The Back Lakes is a series of small man-made ponds and canals that were created to bring supplies into the Forbidden City. It's one of the few areas in the city that hasn't been bulldozed into modernity, and it still retains the twisty-turny, narrow streets and tree-lined neighborhoods known as hutongs that used to be ubiquitous in Beijing.
First I walked over to Desheng Men Jianlou, the Arrow Tower, which is a fragment of the old wall that surrounded the city during the Ming Dynasty. There was a coin museum inside, so I spent some time looking over the various types of money on display. It was interesting, but you can only look at so many coins with square holes in the middle before your eyes start glazing over. I prefer paper currency. I walked up a flight of stairs to the upper ramparts and was rewarded with a wide vista of the endlessly changing skyline of this smoggy Asian metropolis. Inside the tower there was a small exhibit of contemporary art.
I then walked along the shoreline of Xi Hai (West Lake) and Hou Hai (Back Lake). It was very shady and pleasant and the locals were out fishing in the dirty water, playing Mah Jhong, and ping-pong. Old men were standing around in their Speedos slapping their saggy skin and jumping into the filthy lakes (I'd slap myself too if I got any of that filthy muck on my bod). Couples were canoodling on the benches and clipping each other's nose hairs...must be some sort of primate ritual like monkeys picking bugs out of each other's fur.
I stopped at the house of Soong Ching-ling (AKA Madame Sun Yat-sen) which is supposedly where Pu Yi, the last emperor was born.

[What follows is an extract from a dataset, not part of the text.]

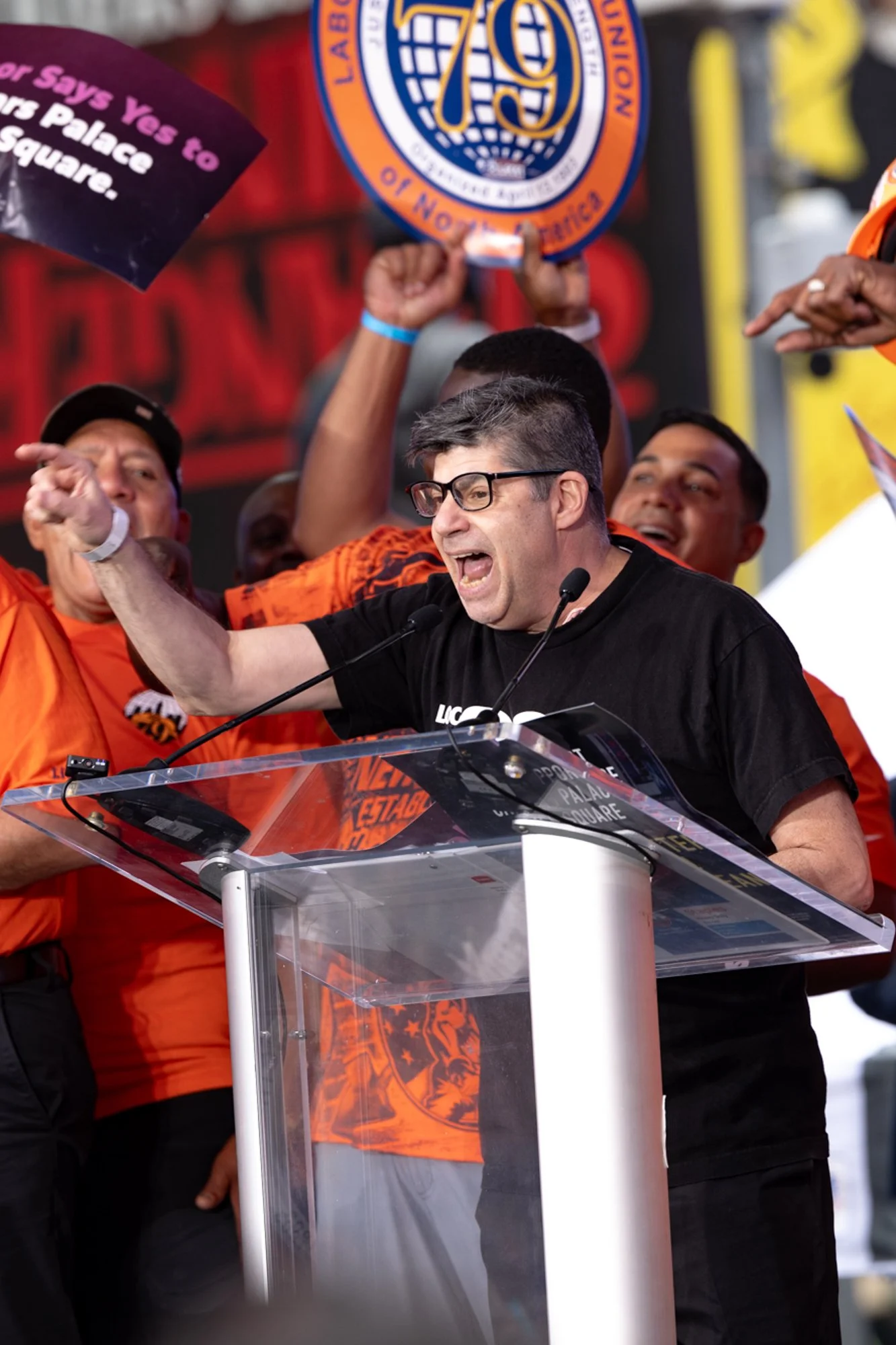 Man with glasses speaking at a podium during a rally, surrounded by supporters holding signs and cheering.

After that, I was pooped, so I stopped for a beer at one of the many little bars that line the lakeshore. The first word I learn in any foreign language is "beer".
Occasionally, I turned off the main drag and wandered through the alleyways of the hutongs where I saw ordinary Chinese doing ordinary things like washing cats, children with slit pants squatting to take a dump in the gutter, and old folks bent almost in half from lifetimes of hard work nodding off in doorways. The pedalcab guys hectored me constantly. The hutongs are their main turf since the streets are too narrow for taxis. I preferred walking and waved them off
I finally reached the far end of Hou Hai and tried to locate an old mansion listed in my guide as having gorgeous gardens. I was unsuccessful in finding it among the twisty alleys, and my feet were starting to ache, so I decided to turn back.

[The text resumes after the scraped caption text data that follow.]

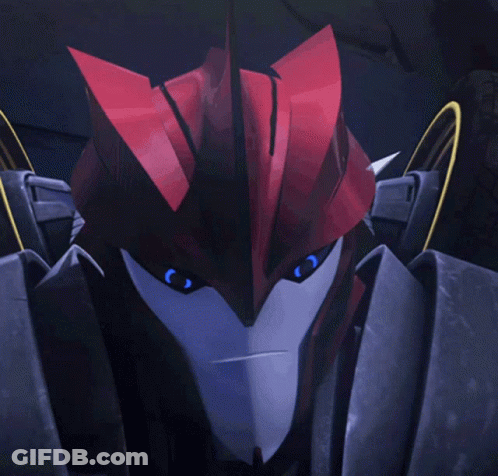 Close Up Of Transformer With Red Head GIF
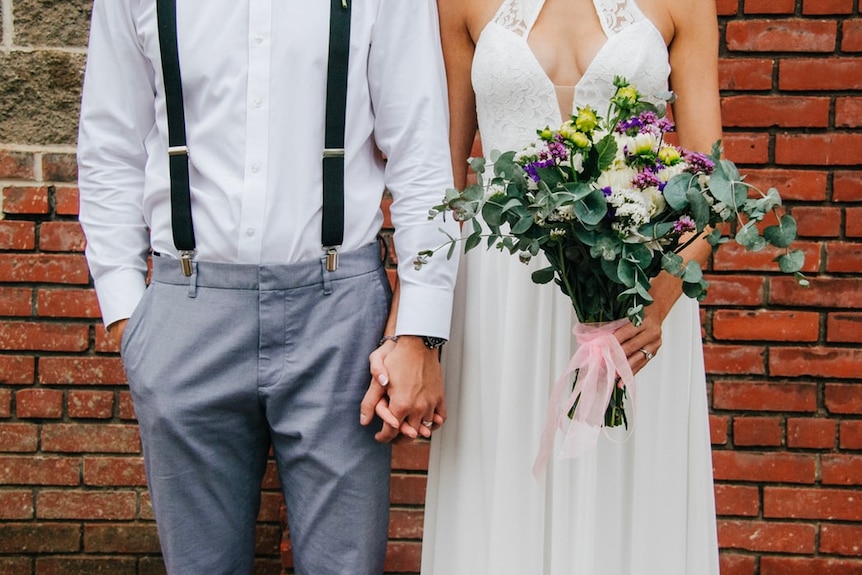 A newly married couple hold hands at their wedding.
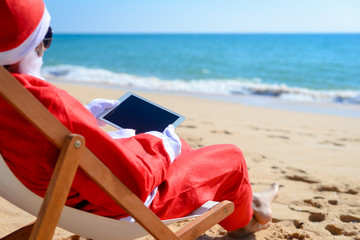 Santa Claus using tablet pc on beach tropical background. Modern internet technology holidays. Back side view of person doing xmas education project, take self photo, relaxing, play gadget or shopping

I got back to the hotel around 6pm and was ready to pass out by 8pm.
Next: touring Beijing with Lulu and the Mad Old Dutchman.
Comments
Re beer: Anything more exotic than the ubiquitous Tsingtao? (Or is Tsingtao just an export brand?)

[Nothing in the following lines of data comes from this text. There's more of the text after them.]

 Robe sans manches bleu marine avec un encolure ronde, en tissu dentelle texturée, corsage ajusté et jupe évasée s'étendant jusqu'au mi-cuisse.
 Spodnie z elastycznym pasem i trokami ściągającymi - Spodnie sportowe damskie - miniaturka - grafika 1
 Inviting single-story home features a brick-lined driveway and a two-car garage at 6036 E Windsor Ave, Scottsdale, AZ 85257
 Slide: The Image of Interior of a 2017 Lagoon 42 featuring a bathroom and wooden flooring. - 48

Posted by: jkcohen | May 15, 2004 10:11 PM
I like the scenery.
I'm dying to go to the East.
Keep the pictures coming!
I'm curious to know what you are eating... :)
Posted by: michelle | May 16, 2004 3:00 AM
Jonathan: I haven't been paying too much attention to the brands, but I have yet to see a Tsingtao here. I can say that most of them are lager-style and tend to be on the smooth side.
Michelle: you'd no doubt be able to identify most of the Cantonese and and Hunan dishes that I've been eating w/o too much trouble, but the flavors here are much more complex than they are in Chinese restaurants in the States. I hope to try some of the "minority cuisines" before I leave, as well as the ubiquitous Peking Duck.
Posted by: MrBaliHai | May 16, 2004 6:15 AM
mmmmm...
peking duck....
Posted by: michelle | May 16, 2004 4:36 PM
"Then Came Bronson"
Posted by: M.Ace | May 16, 2004 4:51 PM
I watched that show religiously as a kid, M.Ace.